## Instructions to follow
Print the records below exactly, from the line containing "実際に弊社で買取させて頂いた【未使用】atmos/アトモス ハット/靴下/キャップ 3点セット" down to the line containing "[LINE着せ替え] ハロウィン かぼちゃのシルエット 青緑の画像2", both lines included, and omit every picture.

## Data provided
● ● ● ● ● ● ●
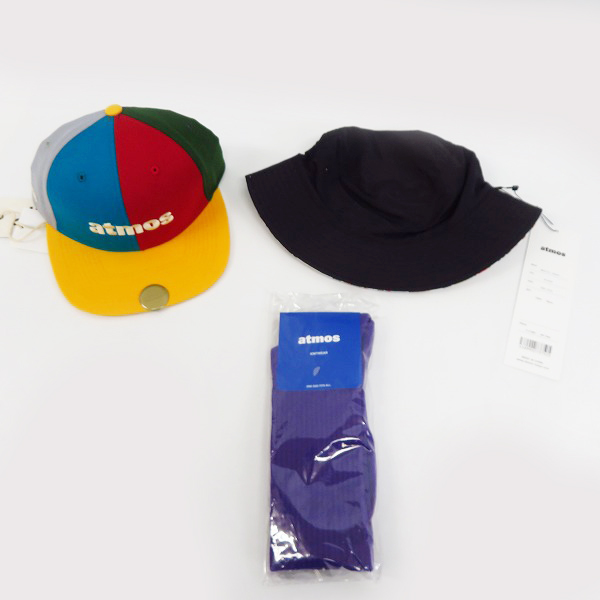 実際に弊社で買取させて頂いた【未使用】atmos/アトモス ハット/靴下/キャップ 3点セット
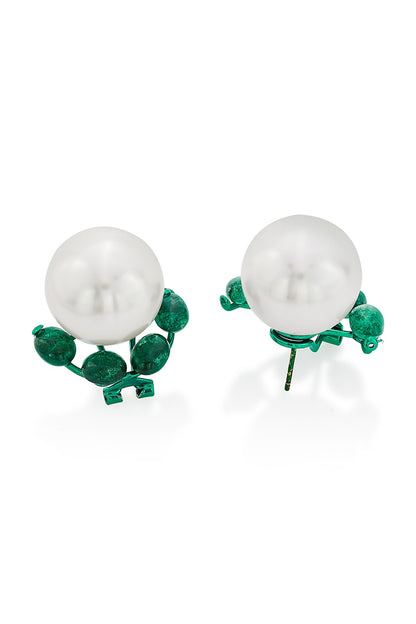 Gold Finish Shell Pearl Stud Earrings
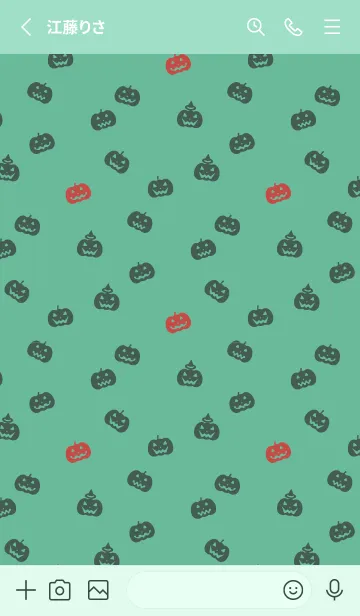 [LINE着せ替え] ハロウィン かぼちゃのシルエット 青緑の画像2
● ● ● ● ● ● ●
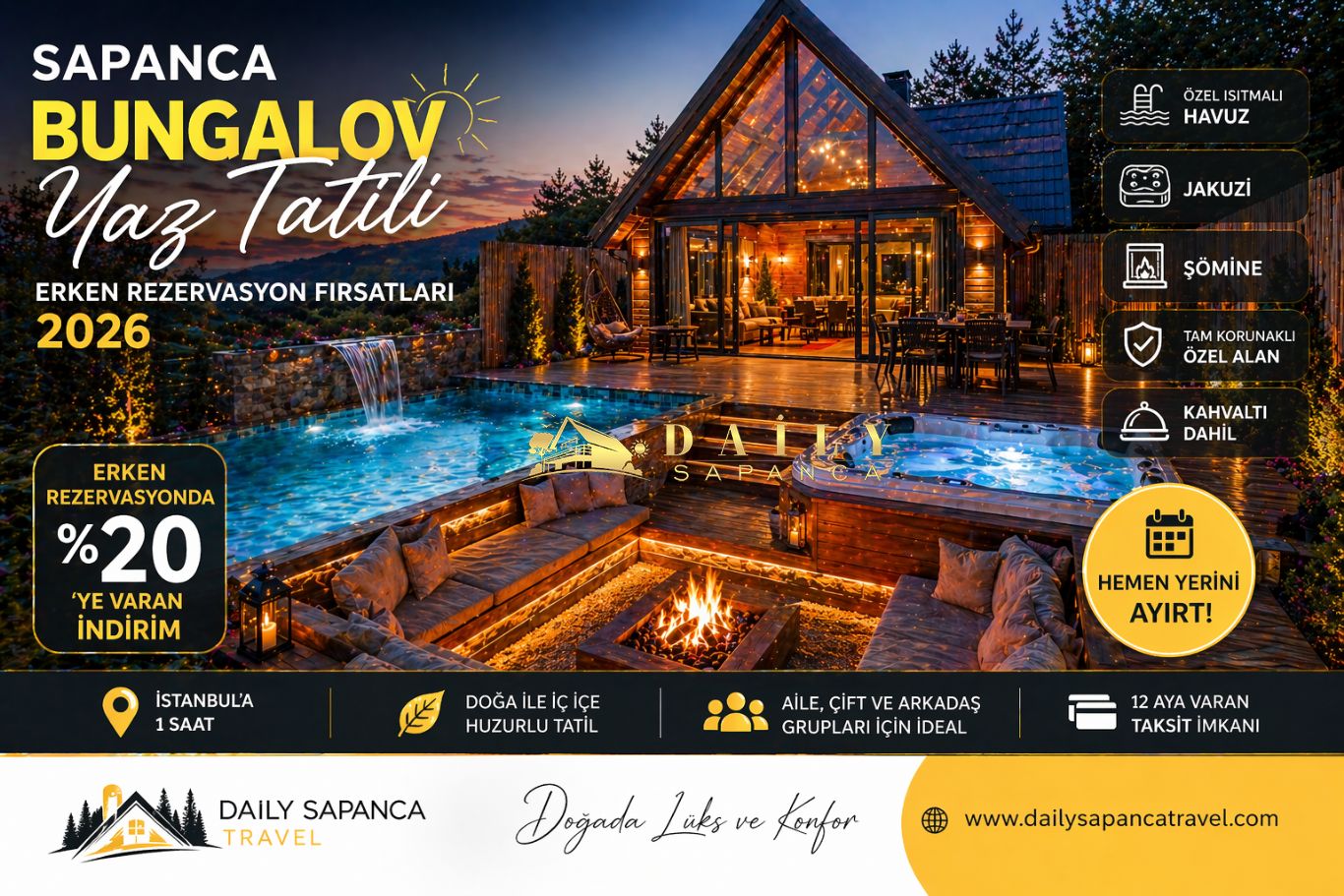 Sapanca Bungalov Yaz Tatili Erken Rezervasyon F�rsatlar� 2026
● ● ● ● ● ● ●
## Answer below
 実際に弊社で買取させて頂いた【未使用】atmos/アトモス ハット/靴下/キャップ 3点セット
 Gold Finish Shell Pearl Stud Earrings
 [LINE着せ替え] ハロウィン かぼちゃのシルエット 青緑の画像2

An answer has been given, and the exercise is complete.